═══ INFORMATION PROVIDED ═══

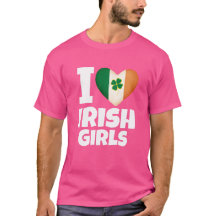 I KÄRLEK IRISH GIRLS - St patricks day Designade T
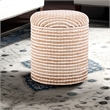 Carolina Handwoven Heracles Cotton Jute Stripe Storage Ottoman
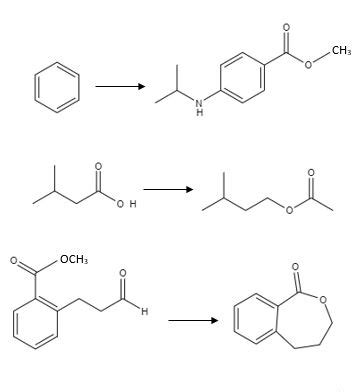 Propose reagents to synthesis the following molecules from the ...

═══

» **WHAT YOU WILL DO**
Write out exactly, and only, the lines running from the line with "Carolina Handwoven Heracles" to the last line above, both included, with all pictures omitted.

» **ANSWER TO THE PROBLEM**
 Carolina Handwoven Heracles Cotton Jute Stripe Storage Ottoman
 Propose reagents to synthesis the following molecules from the ...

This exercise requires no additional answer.